William Brown didn't exactly make a bunch of friends during his stop in Salina on Friday morning. The executive vice president of global operations for Hawker Beechcraft was in town to meet with employees of Salina's Hawker plant.
As reported last week, the company announced the plant will close and 238 employees will lose their jobs ...
Some of his comments at the meeting did not sit well with employees or those involved with Salina economic development.
The Journal's Michael Strand talked with Hawker employees after their shift ended Friday. They told him that Brown said local officials did nothing to keep the plant in Salina.

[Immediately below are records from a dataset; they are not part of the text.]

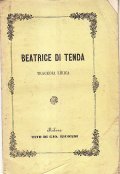 BEATRICE TENDA TRAGEDIA LIRICA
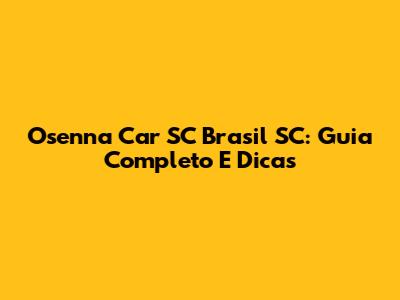 Osenna Car SC Brasil SC: Guia Completo E Dicas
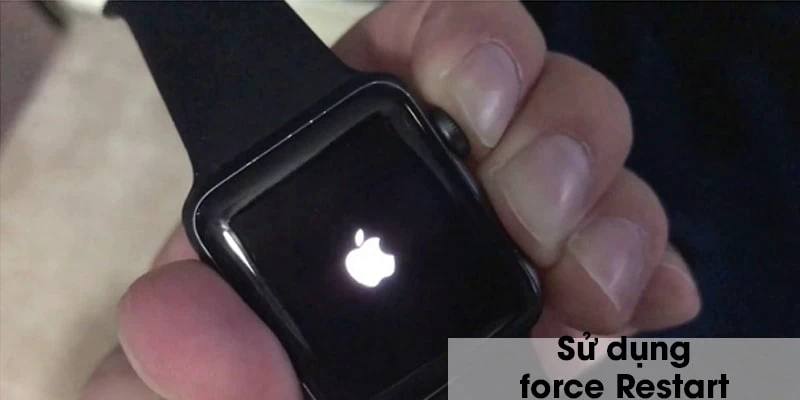 C&aacute;ch Reset Apple Watch th&ocirc;ng qua sử dụng force Restart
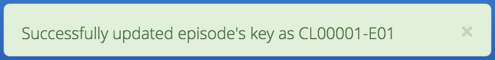 Episode Key Saved Successfully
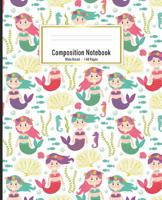 Composition Notebook: Mermaid Wide Ruled Composition Book 1083000489 Book Cover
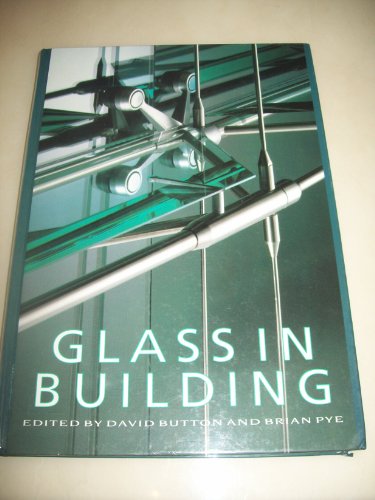 Imagen de archivo de Glass in building: A guide to modern architectural glass performance : Pilkington a la venta por SecondSale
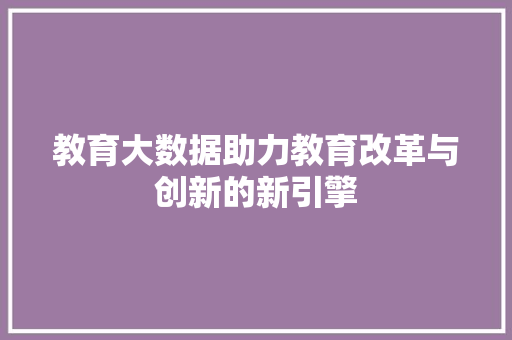 教育大数据助力教育改革与创新的新引擎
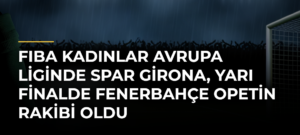 FIBA Kadınlar Avrupa Liginde Spar Girona, yarı finalde Fenerbahçe Opetin rakibi oldu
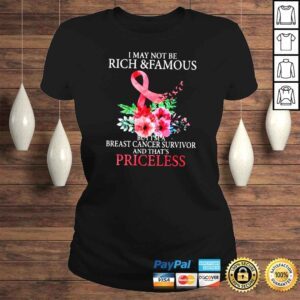 ClassicLadies I may not be rich and famous but Im a breast cancer shirt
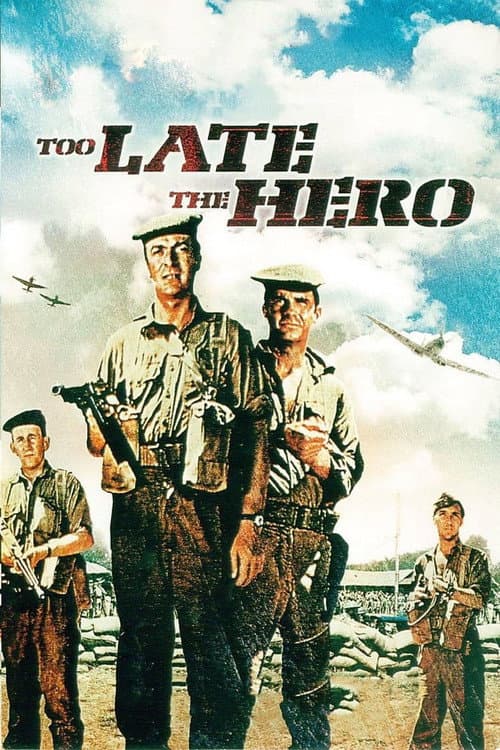 Too Late the Hero still 8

"Bill Brown specifically said Salina wasn't offering anything to keep them here," employee Sherri Curtis told Strand. Others at the meeting verified the comment ...
At a press conference last week, a bevy of local folks said the opposite ... The message at that presentation was that local leaders and state economic development officials had repeatedly contacted the company to find out what could be done to preserve the Salina plant ...
We believe they did their best to retain these high-paying jobs and we are confident they have evidence to verify their correspondence with Hawker.
On the flip side, we'll give Brown the benefit of the doubt. It's possible, though unlikely, that employees reporting Brown's comments misinterpreted what he said. Or perhaps Brown just didn't get the memo detailing Salina's efforts to retain the plant.
Whatever the case, this episode does nothing to boost our confidence in Hawker. Instead, it confirms that the company planned all along to close the local plant, no matter what company officials might have said to the contrary.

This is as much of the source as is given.